Output exactly the lines below from the one containing "LIGHT TIME Mod. POKER - Blue / Green" to the last line, both included. Omit pictures.
Information shown Block Start
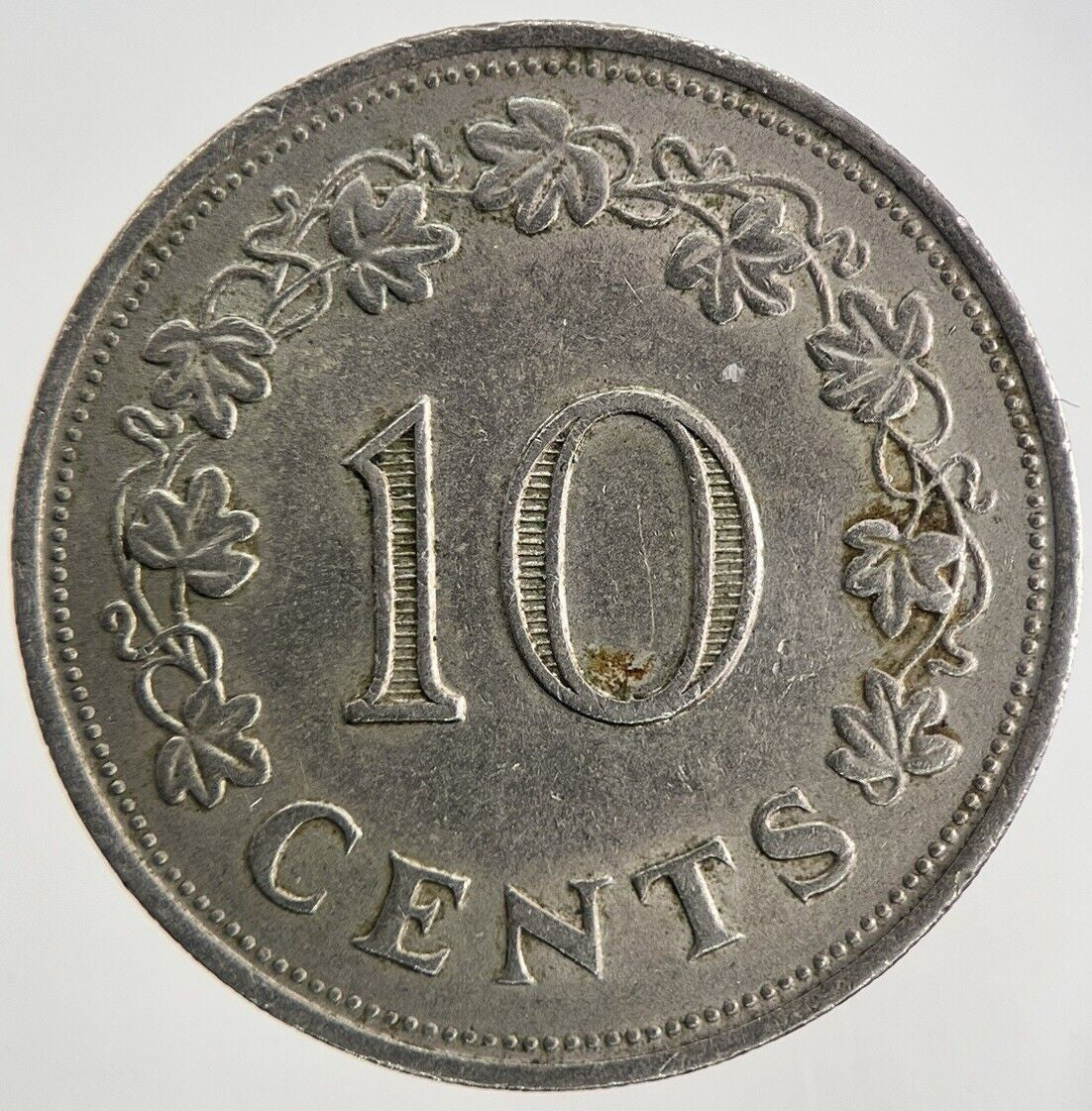 1972 Malta 10 Cents Coin | Fine Collectable Grade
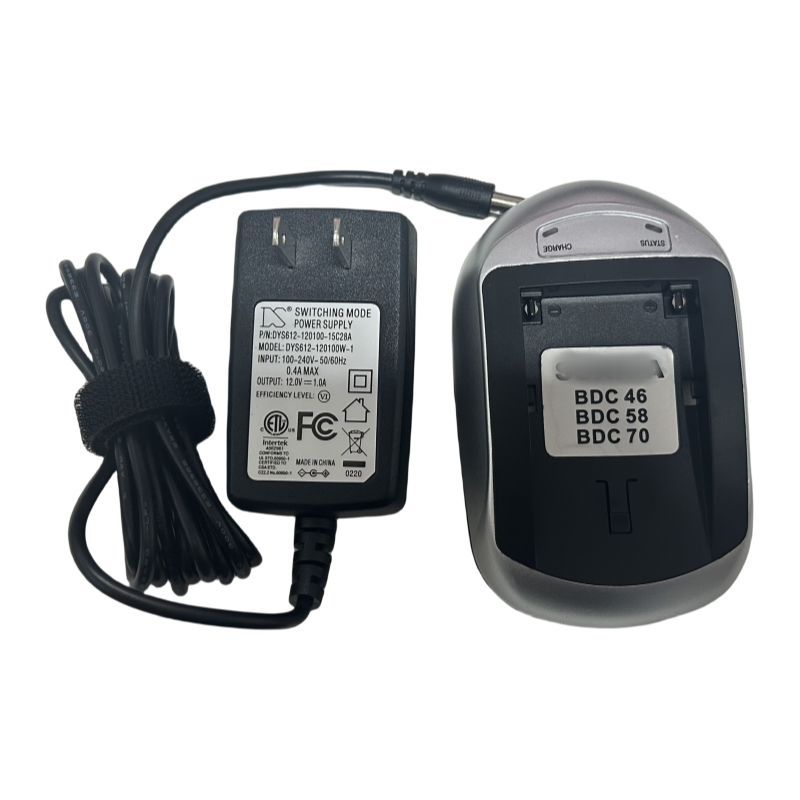 ZBLZGP Nuovo CDC68 Doppio Caricatore Di Ricarica Per BDC46 BDC58 BDC70 Batteria Stazione Totale EU US Plug - Foto 8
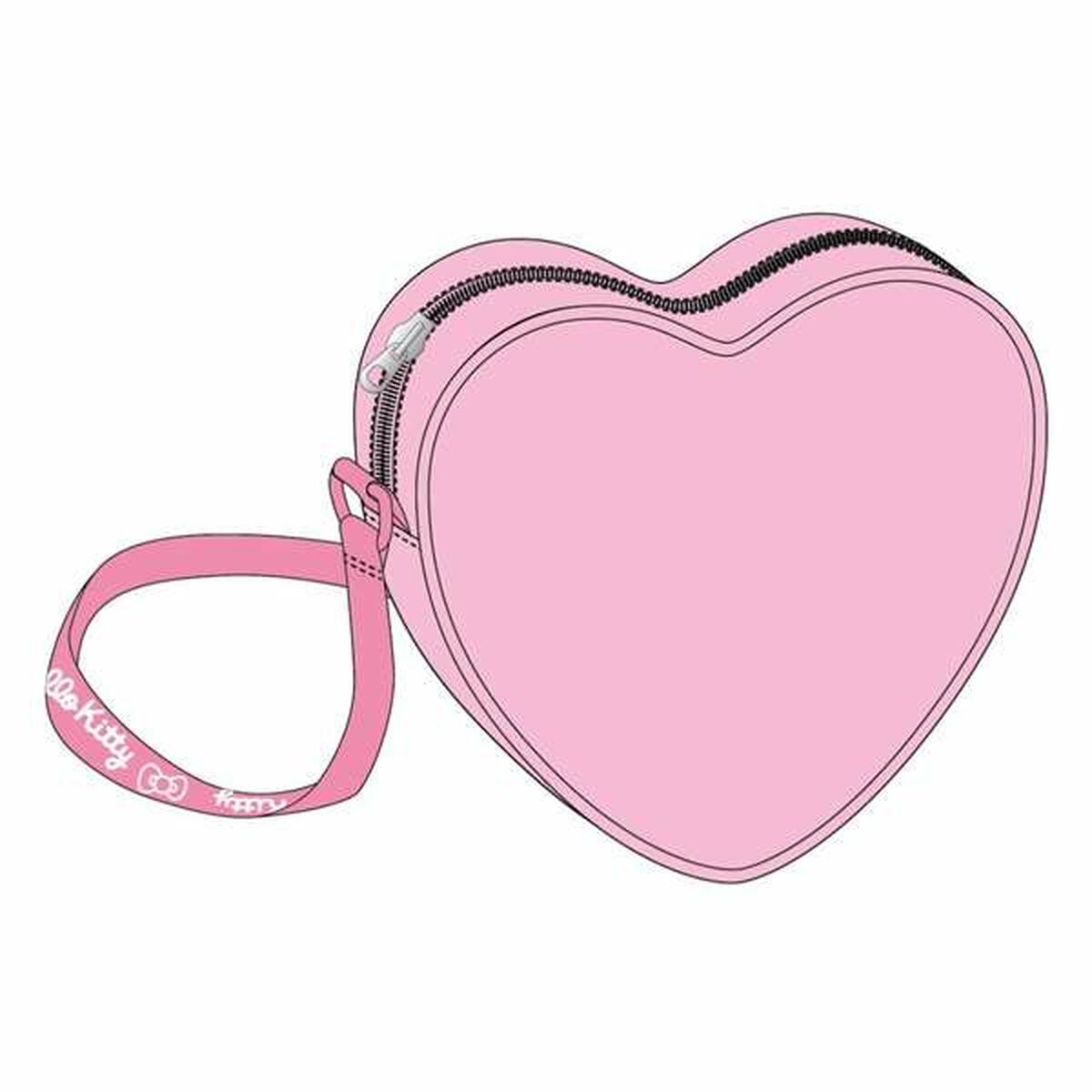 Shoulder Bag Hello Kitty Pink 15,0 x 14,0 x 4,0 cm-1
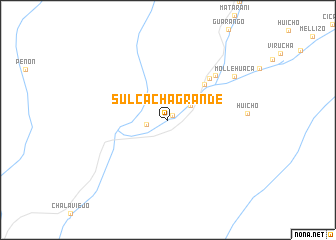 map of Sulcacha Grande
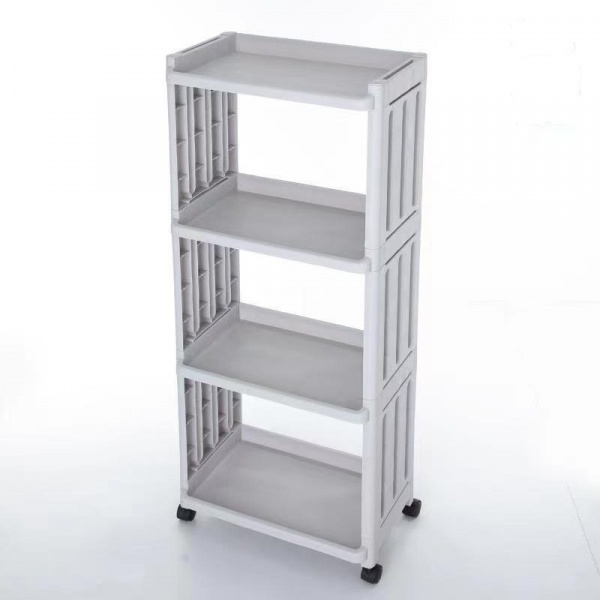 GOME ชั้นวางอเนกประสงค์ 4ชั้น BANO HXG0004 ขนาด 40x24.5x92 ซม. สีเทา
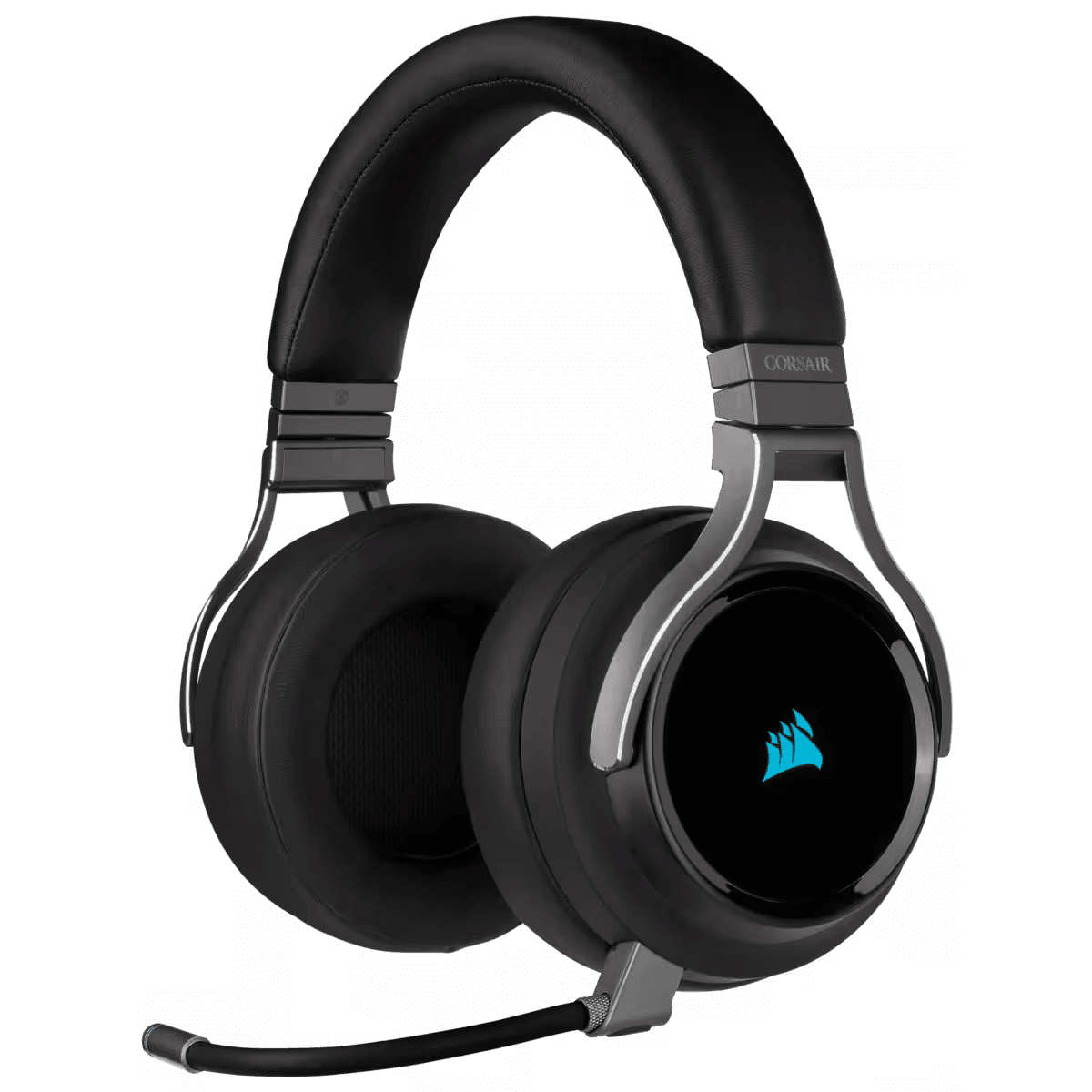Audífono Gamer Corsair Virtuoso Wireless Carbon Ultimate Premium Gaming -2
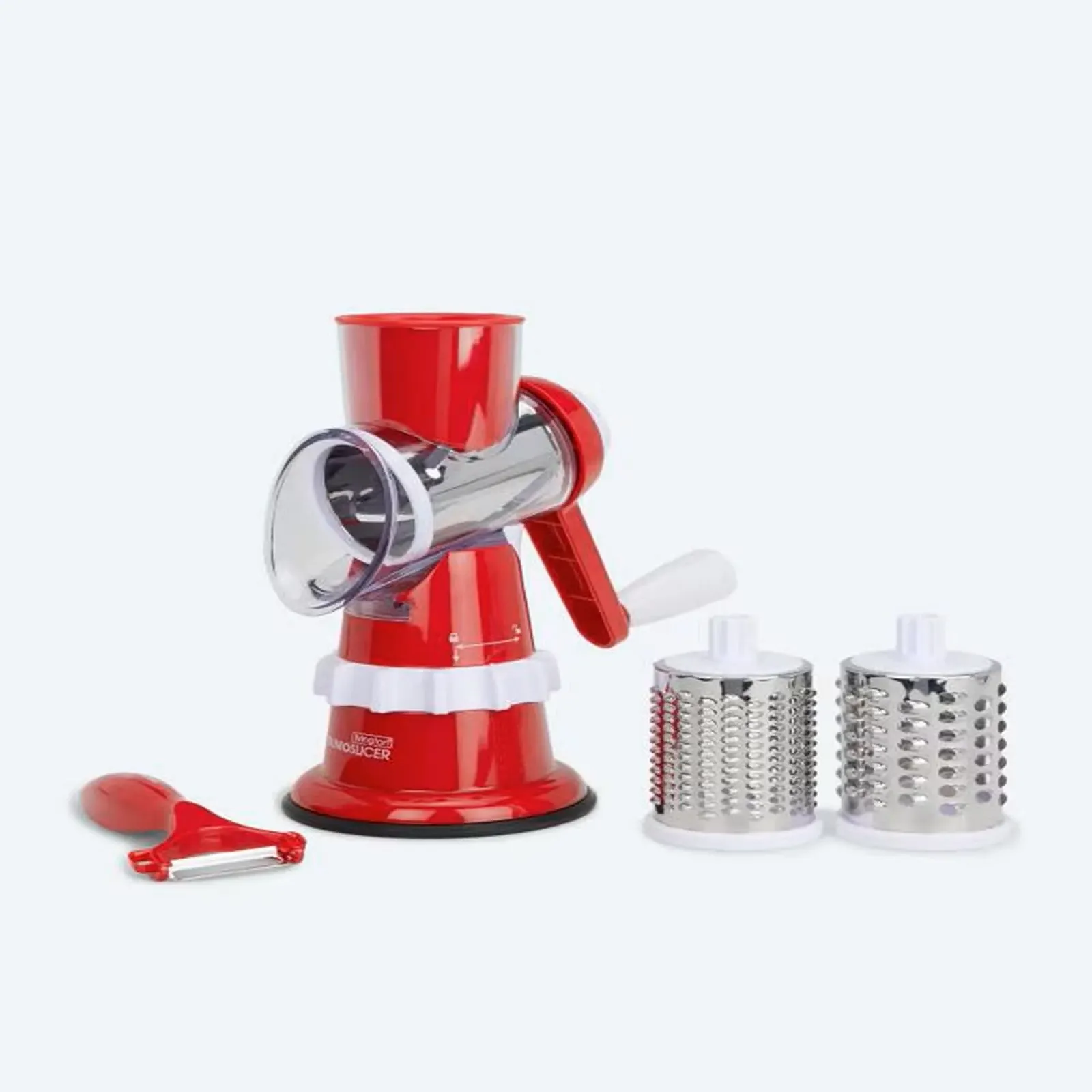 Барабанна терка LIVINGTON Sumo Slicer Red 3-в-1 для шаткування, нарізання, натирання, фото №1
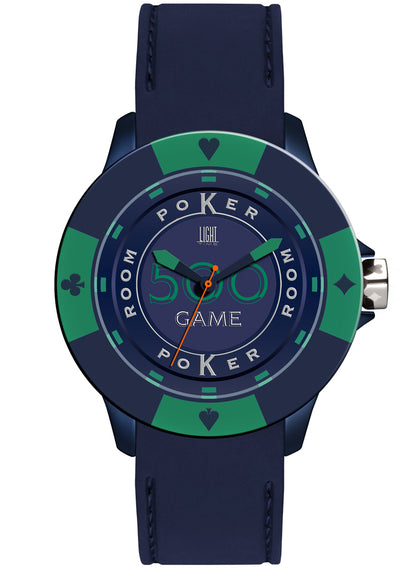 LIGHT TIME Mod. POKER - Blue / Green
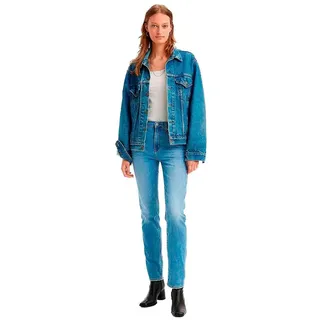 Levi's Damen 724 High Rise Straight Jeans, Cool Journey, 30W / 34L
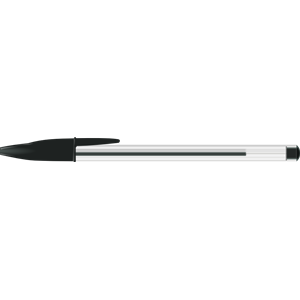 black BIC pen clipart, cliparts of black BIC pen free download (wmf ...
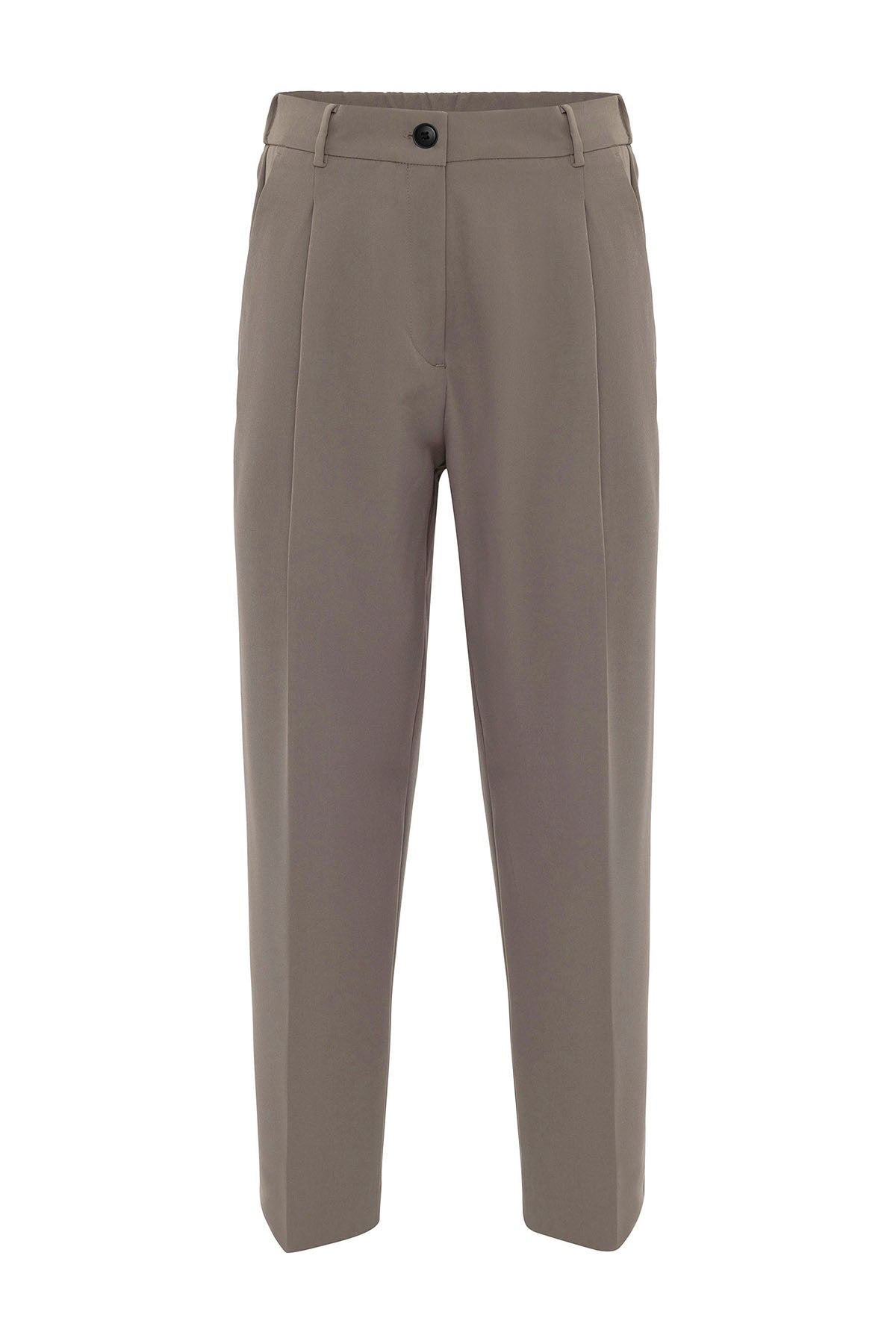 Antioch Women's High-Waisted Straight-Fit Cropped Pants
Information shown Block End
Result for this task -
 LIGHT TIME Mod. POKER - Blue / Green
 Levi's Damen 724 High Rise Straight Jeans, Cool Journey, 30W / 34L
 black BIC pen clipart, cliparts of black BIC pen free download (wmf ...
 Antioch Women's High-Waisted Straight-Fit Cropped Pants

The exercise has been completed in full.